In position basis, $\psi(x_o)=\langle x_o|\psi\rangle$ where $|\psi\rangle=\int dx|x\rangle\psi(x)$
So, we have defined $\langle x_o|x\rangle=\delta(x-x_o)$
Thus, $\langle x_o|\psi\rangle=\langle x_o|\Big(\int dx|x\rangle\psi(x)\Big)=\int dx\langle x_o|x\rangle\psi(x)=\int dx\delta(x-x_o)\psi(x)=\psi(x_o)$
Now, suppose we have an operator $\hat A=\frac{d}{dx}$
$\hat A\psi(x) = \psi'(x)$
So, $\hat A\psi(x)\Big|_{x_o} = \psi'(x)\Big|_{x_o}=\psi'(x_o)$
By the definition of differentiation we get, $\psi'(x_o)=\lim\limits_{\epsilon\to 0}\frac{\psi(x_o+\epsilon)-\psi(x_o)}{\epsilon}\tag{1}$
$(1)$ can be written as $\langle x_o|\hat A\psi\rangle=\lim\limits_{\epsilon\to 0}\frac{\langle x_o+\epsilon|\psi\rangle-\langle x_o|\psi\rangle}{\epsilon}\tag{2}$
$\langle x_o|\hat A\psi\rangle=\Big(\lim\limits_{\epsilon\to 0}\frac{\langle x_o+\epsilon|-\langle x_o|
}{\epsilon}\Big)|\psi\rangle=\frac{d}{dx}\langle x_o|\psi\rangle=\hat A\langle x_o|\psi\rangle\tag{3}$
This manipulation has also been used to find the expression wavefunction in position basis as the superposition of the momentum eigenkets because $(3)$ gives us a differential equation.

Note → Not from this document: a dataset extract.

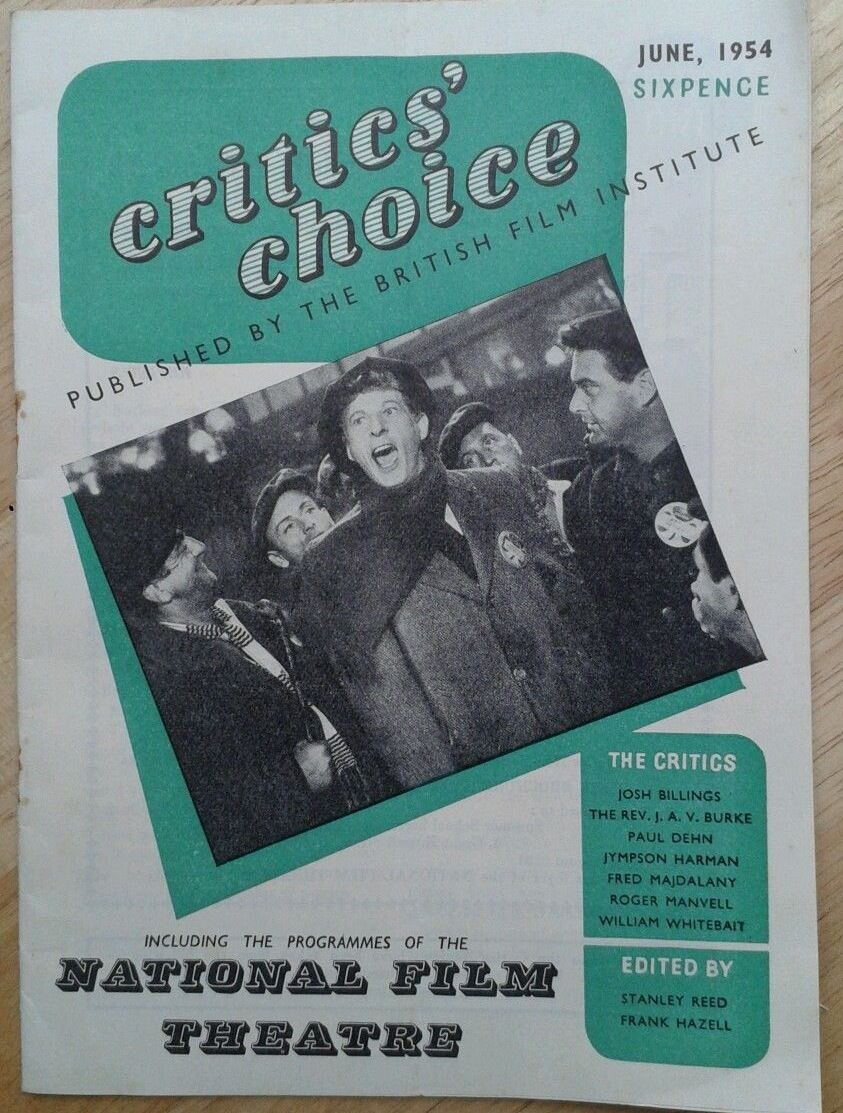 BFI SOUTHBANK GUIDE magazine side cover June 1954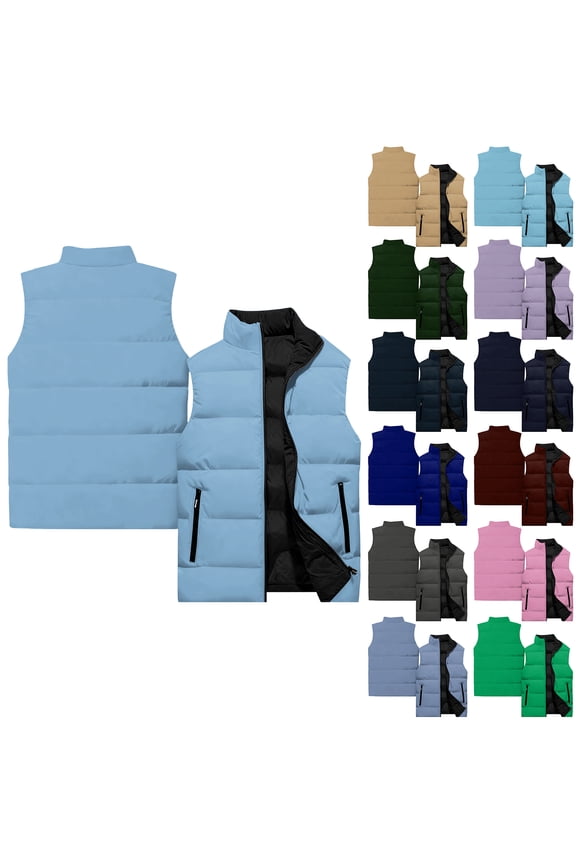 Black Puffer Vest for Men Quilted Water-Resistant Windproof Vest Zipper Sleeveless Vest Jacket with Pockets Winter Padded Casual Lightweight Streetwear for Running Golf Outdoor Blue L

I want to know in the RHS of $(3)$ whether we should have $\hat A$ or $\hat A^\dagger$. Because for the given $\hat A$ (which is not hermitian), $\hat A^{\dagger}=-\hat A$
I have tried to write $(3)$ in the form of functions instead of vectors.
$(2)$ can be written as
$\int\delta(x-x_o)\hat A\psi(x)dx = \int\delta(x-x_o)\psi'(x)dx$
Using integration by parts we get,
$\int\delta(x-x_o)\hat A\psi(x)dx = -\int\delta'(x-x_o)\psi(x)dx = \int-\hat A\Big(\delta(x-x_o)\Big)\psi(x)dx\tag{4}$
The RHS of $(3)$ suggests that $\int\delta(x-x_o)\hat A\psi(x)dx = \hat A\int\delta(x-x_o)\psi(x)dx\tag{5}$
Doubts
(i) In the RHS of $(3)$ would we have $\hat A$ or $\hat A^\dagger=-\hat A$. I feel that it would be $\hat A^\dagger$ because we are sort of transferring the derivative, but the $(3)$ suggests that it is $\hat A$.
(ii) While proving $(3)$ using the functions instead of vectors, I got stuck in $(4)$. I am not able to justify how we can take $\hat A$ out of the integral to get $(5)$.